Start of Excerpted records

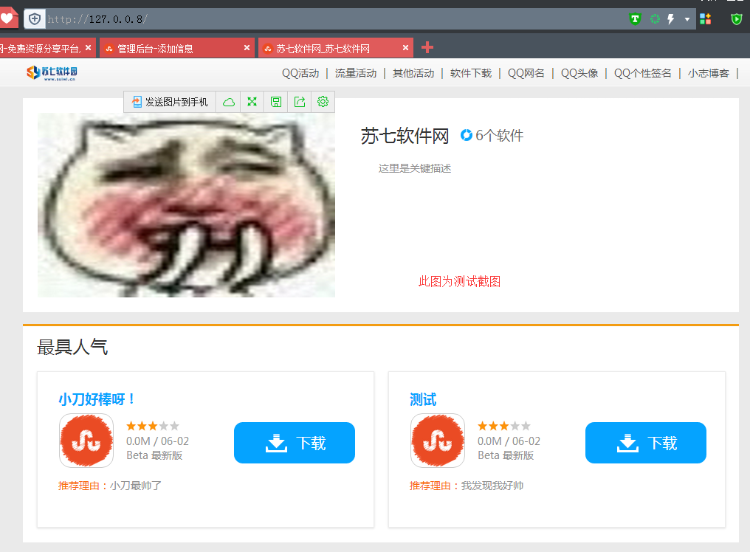 软件下载网源码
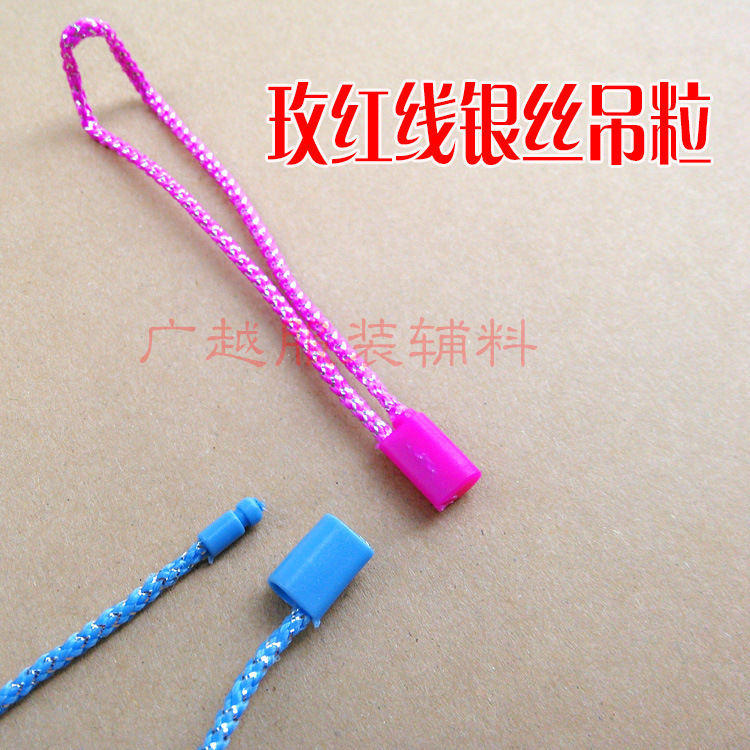 玫红线银丝吊粒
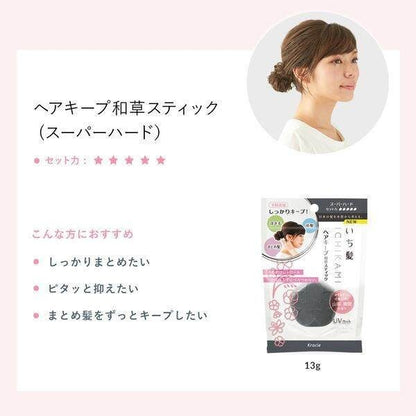 Kracie Ichikami Hair Keep Japanese Herb Stick 13g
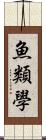 魚類學 Scroll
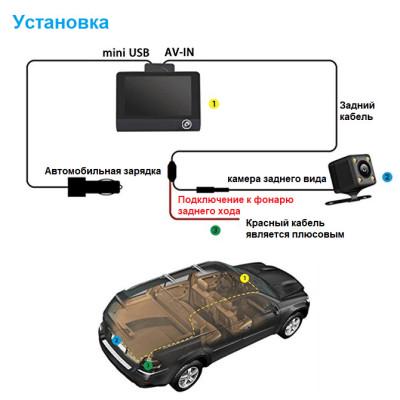 Видеорегистратор автомобильный XoKo DVR-300 (4353613) - фото 3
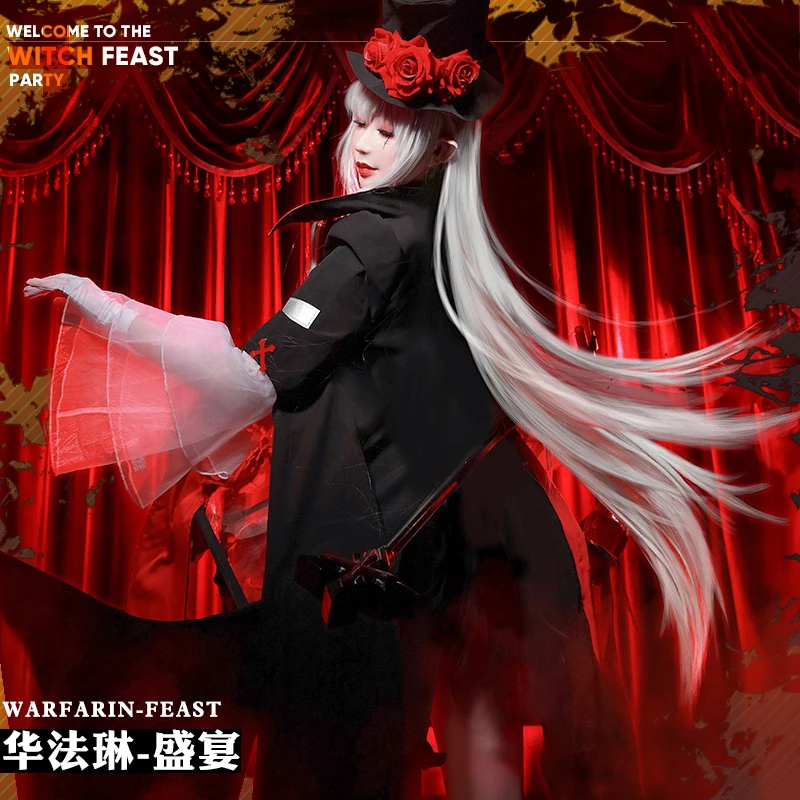 Игровая Гарри Варфарин Праздничная униформа Косплей Костюм Хэллоуин костюм для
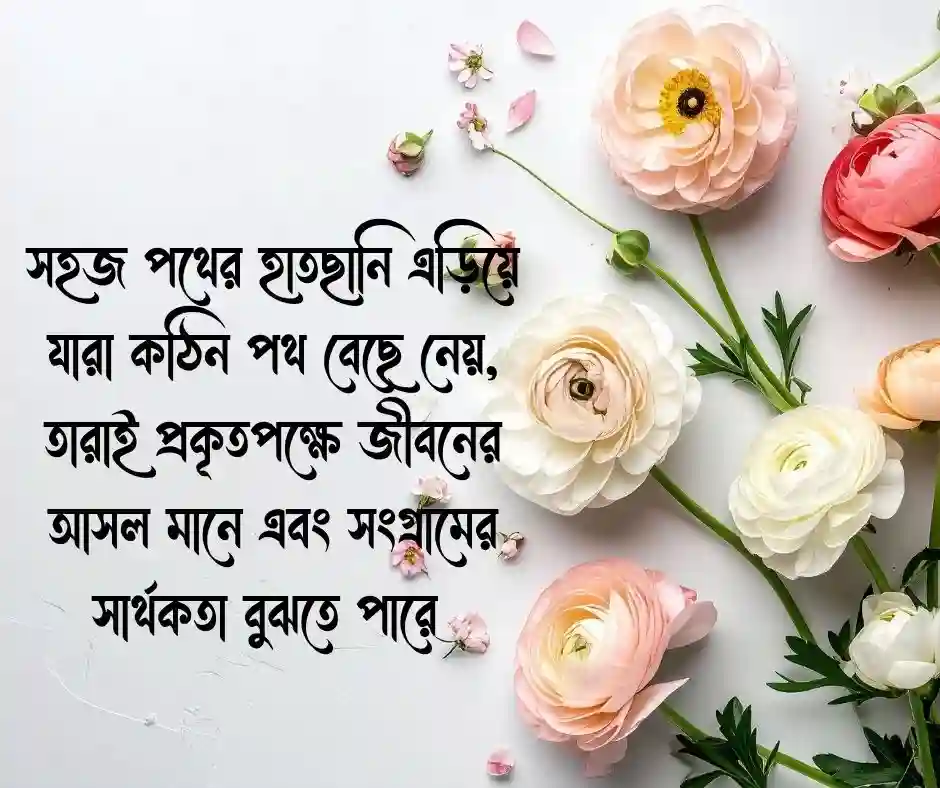 ছেলেদের ফেসবুক স্ট্যাটাস - FB Caption Bangla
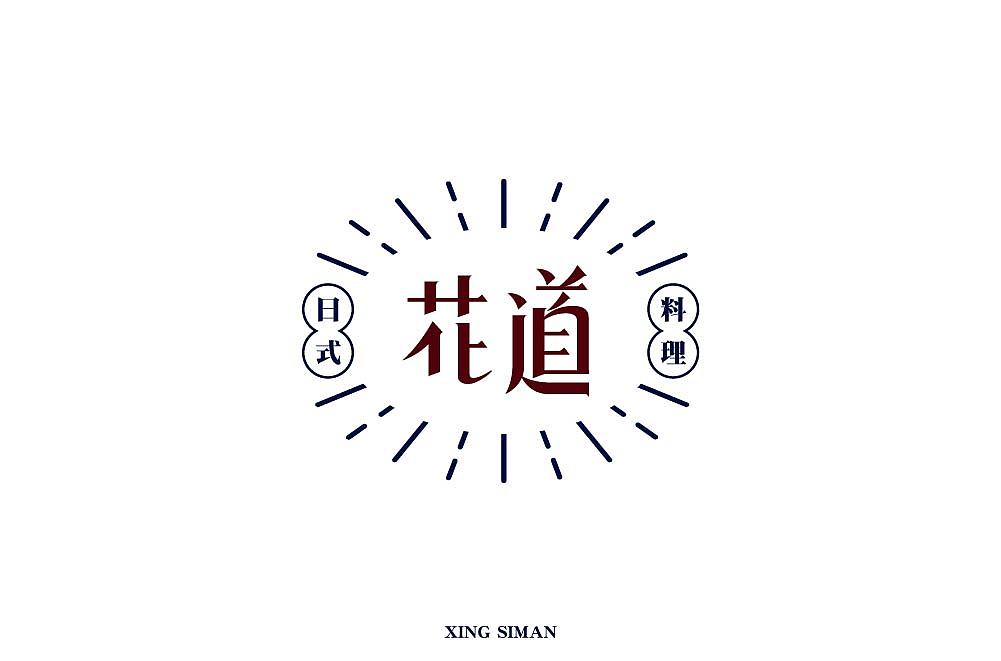 字体帮第1472篇（图ZMTk4NjI1MjI0） - 字体/字形 - 站酷设计师字体帮原创素材 - 站酷ZCOOL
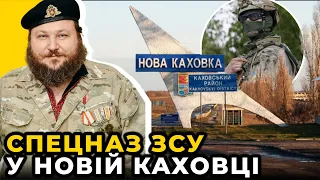 🔥ДИКИЙ: Росіяни виходили з ХЕРСОНУ, як професіонали | Гаага вийшла на замовників у Москві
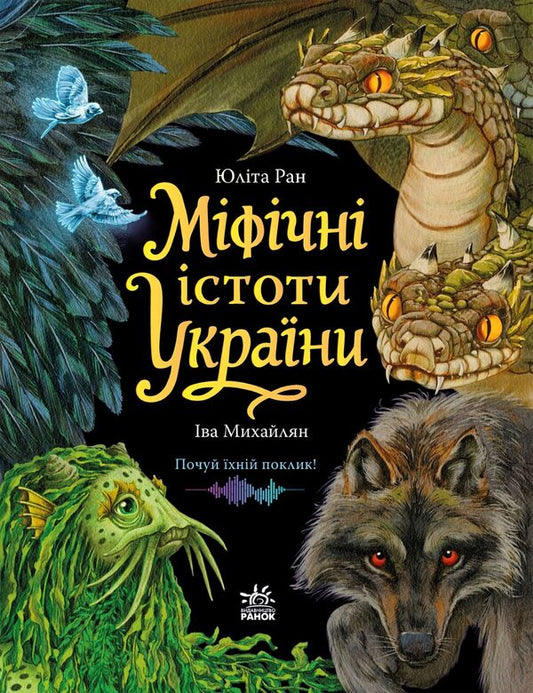 Mythical creatures of Ukraine / Міфічні істоти України Юлита Ран 978-617-8774-70-7-1
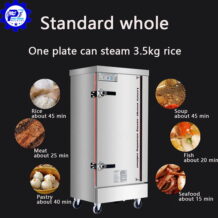 Tủ Nấu Cơm Công Nghiệp 6 Khay 8 tu nau cong nghiep che bien duoc nhieu loai thuc pham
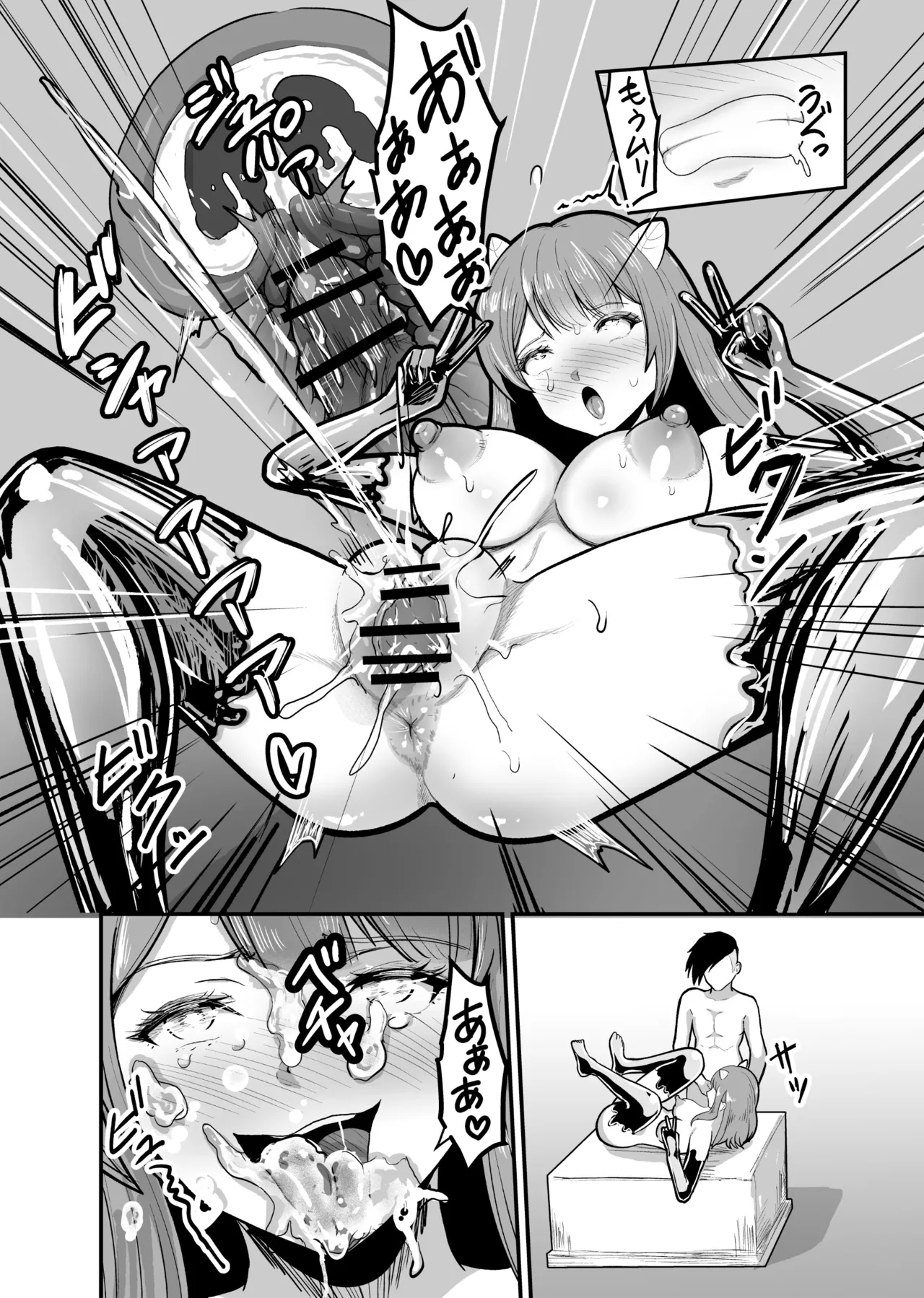 全裸ダンジョン - page59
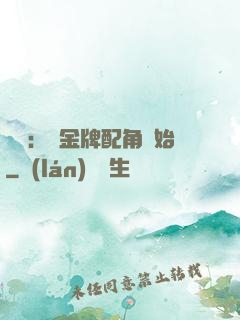 娛樂：從金牌配角開始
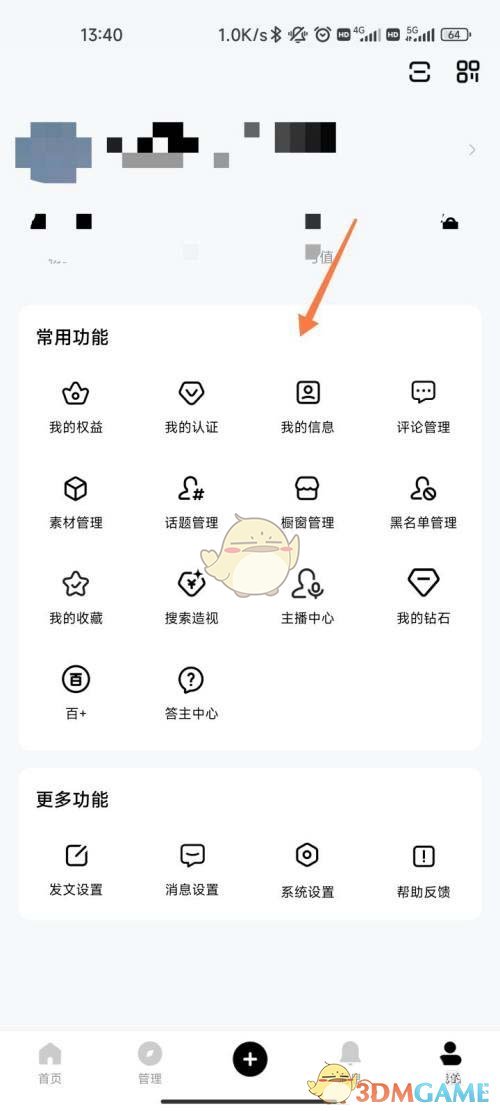 《百家號》簽名ID查看方法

End of Excerpted records

» **What you are asked to do**: The copy must match the listing above exactly, except that it holds no pictures.

» **Task output**:
 软件下载网源码
 玫红线银丝吊粒
 Kracie Ichikami Hair Keep Japanese Herb Stick 13g
 魚類學 Scroll
 Видеорегистратор автомобильный XoKo DVR-300 (4353613) - фото 3
 Игровая Гарри Варфарин Праздничная униформа Косплей Костюм Хэллоуин костюм для
 ছেলেদের ফেসবুক স্ট্যাটাস - FB Caption Bangla
 字体帮第1472篇（图ZMTk4NjI1MjI0） - 字体/字形 - 站酷设计师字体帮原创素材 - 站酷ZCOOL
 🔥ДИКИЙ: Росіяни виходили з ХЕРСОНУ, як професіонали | Гаага вийшла на замовників у Москві
 Mythical creatures of Ukraine / Міфічні істоти України Юлита Ран 978-617-8774-70-7-1
 Tủ Nấu Cơm Công Nghiệp 6 Khay 8 tu nau cong nghiep che bien duoc nhieu loai thuc pham
 全裸ダンジョン - page59
 娛樂：從金牌配角開始
 《百家號》簽名ID查看方法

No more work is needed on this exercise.